WHAT YOU NEED TO DO
Wherever the listing has a line with the string "hardwood", copy that line out.

EXTRACTED RECORDS
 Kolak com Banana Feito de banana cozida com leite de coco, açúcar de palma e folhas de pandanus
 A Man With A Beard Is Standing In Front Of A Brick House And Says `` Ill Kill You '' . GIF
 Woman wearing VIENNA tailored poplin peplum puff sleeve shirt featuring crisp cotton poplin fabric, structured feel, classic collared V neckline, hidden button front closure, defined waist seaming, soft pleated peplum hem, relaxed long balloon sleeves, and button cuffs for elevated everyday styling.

==

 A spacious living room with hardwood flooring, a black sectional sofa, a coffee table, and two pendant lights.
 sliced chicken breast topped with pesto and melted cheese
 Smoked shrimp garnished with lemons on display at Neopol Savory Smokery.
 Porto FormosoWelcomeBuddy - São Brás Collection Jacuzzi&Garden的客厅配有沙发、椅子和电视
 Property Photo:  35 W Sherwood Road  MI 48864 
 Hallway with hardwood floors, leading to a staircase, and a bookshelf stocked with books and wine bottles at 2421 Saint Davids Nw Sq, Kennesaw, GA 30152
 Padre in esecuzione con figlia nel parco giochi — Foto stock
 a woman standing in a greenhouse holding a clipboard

TASK OUTPUT
 A spacious living room with hardwood flooring, a black sectional sofa, a coffee table, and two pendant lights.
 Hallway with hardwood floors, leading to a staircase, and a bookshelf stocked with books and wine bottles at 2421 Saint Davids Nw Sq, Kennesaw, GA 30152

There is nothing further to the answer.